The latest evidence: Industrial profits data, released on Monday.
The details (Reuters):
- “Industrial profits dropped 3.7% year-on-year to 515.4 billion yuan ($74.80 billion) in April, partly due to a high base of comparison in the previous year, according to data published by the National Bureau of Statistics (NBS) on Monday.”
- “That compared with a 13.9% surge in March, which was the biggest gain in eight months.
- “For the first four months, industrial firms notched up profits of 1.81 trillion yuan, down 3.4% from a year earlier, compared with a 3.3% drop in the first quarter this year.”
Get smart: These numbers come on the back of the painful macro data for April (see May 15 Tip Sheet).
Get smarter: The economy is still decelerating. We are not likely to hit bottom until Q3.
Reuters: China's industrial profits shrink in April, add to pressure on economy
Politics & Policy
3. Party takes back control of cadre promotions
Cadres rejoice! The days of unruly nepotism might well be behind us.

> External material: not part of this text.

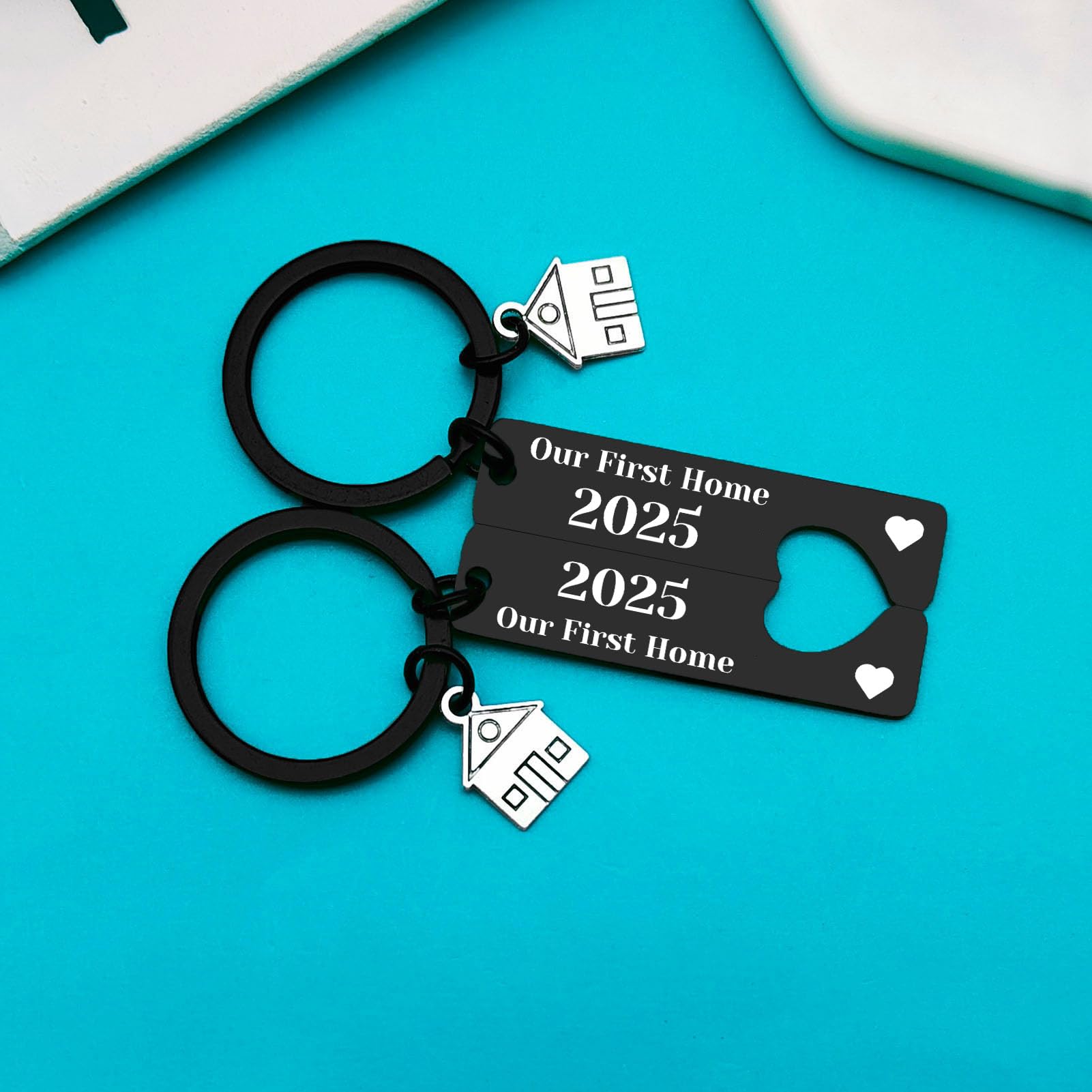 Our First Home Keychain - Personalized Housewarming Gift for Couples & New Homeowners - Perfect for House Keys, New Home Celebrations & Moving In Gifts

Yesterday, the general office of the Central Committee released a new set of supervisory rules on promotion procedure for cadres.
So what's new?
According to the new rules, the Party collective should have absolute control over promotions, taking away decision-making power from headstrong individuals.
- The rules explicitly prohibit leading cadres from contravening the decisions of the Party committee.
- are made just before retirement
- concern their closest staff (i.e. secretaries)
- concern relatives under their purview
Get smart: It's not unusual for leading cadres to hijack promotion procedures in order to put their own people in important positions. It's a prime strategy for creating a loyal network and growing one's influence.
Get smarter: Xi is trying to break up the myriad cliques within the Party – except for his own, of course.
People's Daily: 中共中央办公厅印发《干部选拔任用工作监督检查和责任追究办法》
Politics & Policy
4. Vanuatu PM wins big in Beijing
On Monday, Vanuatuan Prime Minister Charlot Salwai met with Li Keqiang in Beijing.
During their meeting, Li and Salwai agreed to expand cooperation across a range of areas.
Li wasn't shy about earmarking some coveted BRI bucks for the South Pacific nation:
- “China is willing to better align the Belt and Road Initiative with Vanuatu's development strategies and deepen mutually beneficial cooperation in such areas as infrastructure, economy and trade, fisheries and tourism.”
Some context: In recent years, China has made a concerted effort to court Pacific island nations with various grants, loans, and debt forgiveness programs.
Get smart: This could be huge for Vanuatu. With a population of just over 272,000, a little bit of Chinese money would go a very long way in terms of improving the country's relatively poor infrastructure.
Get smarter: Of the 17 countries that still recognize Taiwan, six are Pacific island nations. Beijing wants those six holdouts to know that it will be worth their while to recognize the PRC.
Gov.cn: Premier Li Keqiang holds talks with Vanuatuan PM to promote ties
China Daily: Li urges stronger ties with Vanuatu
Politics & Policy
5. Environmental protection drives up construction prices
Prices of sand and gravel, key construction materials, have been on the rise for the past year.
A prominent example:
- In Guangdong, costs have more than doubled in 15 months.
Some context: Efforts to combat the degradation of China's rivers by restricting the scope of sand and gravel mining went into effect in June 2018.
The price hike has put the hurt on construction companies, since many have contracted work based on original material prices.
Some local governments stepped in to manage the supply shortage with the old planned economy toolkit, requiring that:
- companies get government approval to buy sand and gravel
- sand and gravel be sold at a government-set price
- Coastal provinces are increasing imports from overseas.
- The central government is encouraging the use of manufactured sand.
Get smart: Top leaders have insisted that local governments should reduce approvals and get out of the way of business. But the planned economy instinct can kick in whenever markets produce volatility.